0

I think this problem is similar to the previous questions in this forum. However, I still have a problem with how to create a nested dictionary from a list of tuples.

Suppose I have the following tuple:

my_list = [
 ('actor', 'actor_id', 'integer', 'NO'),
 ('actor', 'first_name', 'character varying', 'NO'),
 ('actor_info', 'actor_id', 'integer', 'YES'),
 ('actor_info', 'first_name', 'character varying', 'YES')]

# convert into DataFrame
col = ['table', 'col_name', 'dtype', 'isnull']
df = pd.DataFrame(mylist, columns=col)

print(df)

        table     col_name                        dtype   isnull
0       actor     actor_id                      integer     NO
1       actor   first_name            character varying     NO
2  actor_info     actor_id                      integer    YES
3  actor_info   first_name            character varying    YES

Current result:

{
 'actor': {
    'actor_id': {'dtype': 'integer', 'isnull': 'NO'},
    'first_name': {'dtype': 'character varying', 'isnull': 'NO'}
    },
 'actor_info': {
    'actor_id': {'dtype': 'integer', 'isnull': 'YES'},
    'first_name': {'dtype': 'character varying', 'isnull': 'YES'}
    }
}

The expected result (it should be grouped by table_name):

{
 'actor': 
    [
        {'column': 'actor_id', 'dtype': 'integer', 'isnull': 'NO'},
        {'column': 'first_name', 'dtype': 'character varying', 'isnull': 'NO'}
    ],
 'actor_info': 
    [
        {'column': 'actor_id', 'dtype': 'integer', 'isnull': 'YES'},
        {'column': 'first_name', 'dtype': 'character varying', 'isnull': 'YES'}
    ]
}

I've tried to make a nested dictionary by converting my_list to DataFrame. However, I cannot get the desired output result. This is my current code:

# convert to nested dictionary
ff = df.iloc.groupby(['table'])[['col_name','dtype','isnull']].apply(lambda x: x.set_index('col_name').to_dict(orient='index')).to_dict()

# convert to JSON
print(json.dumps(ff, indent=1))

Could you help me to solve this kind of problem?
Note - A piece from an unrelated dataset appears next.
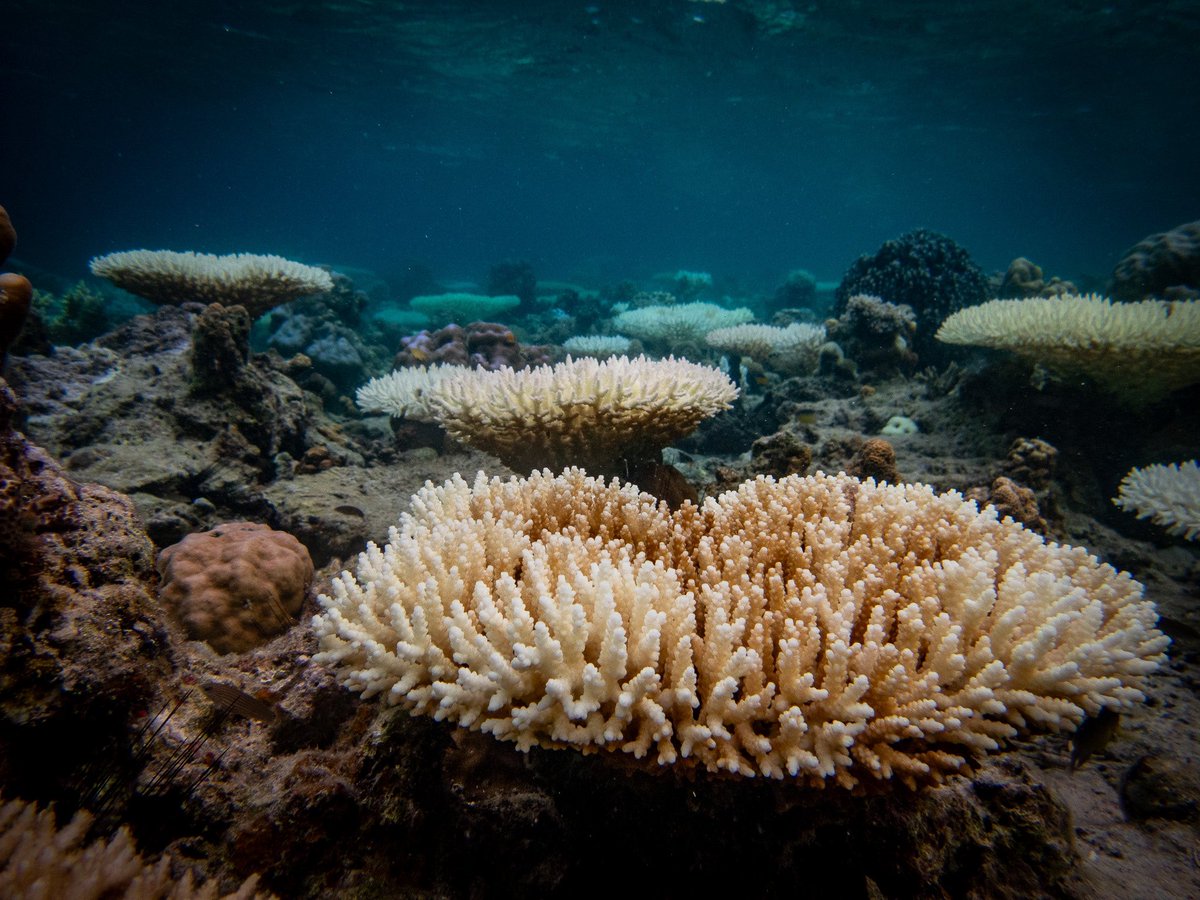 RuiqiLi2022's tweet photo. Colorful coral bleaching at #Semporna,  Malaysia 
#coralbleaching https://t.co/d3xc6YU1ir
I'm also curious about how to solve this problem without converting to DataFrame (e.g., list comprehension, nested looping). Any help to clear this problem up would be much appreciated. Thanks

furanzup
  • 91
  • 1
  • 8
  • Your output is unclear, do you mean it should be `table_name -> list of dicts` there? Because obviously, you can't have repeating keys in a dict (`column`). Secondly, unless you really intend to use `pandas` for further manipulation, should definitely just stick to plain Python. Seems a bit overkill. – kva1966 Nov 01 '21 at 06:31
  • @kva1966 Oh sorry. Thank you for the correction and suggestion. I've edited my question (expected result). – furanzup Nov 01 '21 at 06:50
  • No problem. Just still a bit curious, do you want a list? Because if you use curly braces (`{}`) that implies a dictionary (in your current edit). If you want the column metadata to be inside a list, it should be `[ ... ]` (square brackets). Sorry to be nitpicky, it's just that your expected output is still not quite right, put that into Ipython or similar, and it'll error out, since a dictionary must be a key value pair, you have `{ val1, val2 }`. – kva1966 Nov 01 '21 at 06:55
  • @kva1966 Ah I see. Yes, I just want to return the column metadata for each column. Actually, I was a bit confused to design the output, should I put `[]` or `{}` as the output. Thankfully, you gave me the explanation. Thanks. – furanzup Nov 01 '21 at 07:02

2 Answers2

3

As per my comment, I'm assuming you'll want a list of columns metadata per table name, rather dict of dicts.

If so, this is one straightforward approach.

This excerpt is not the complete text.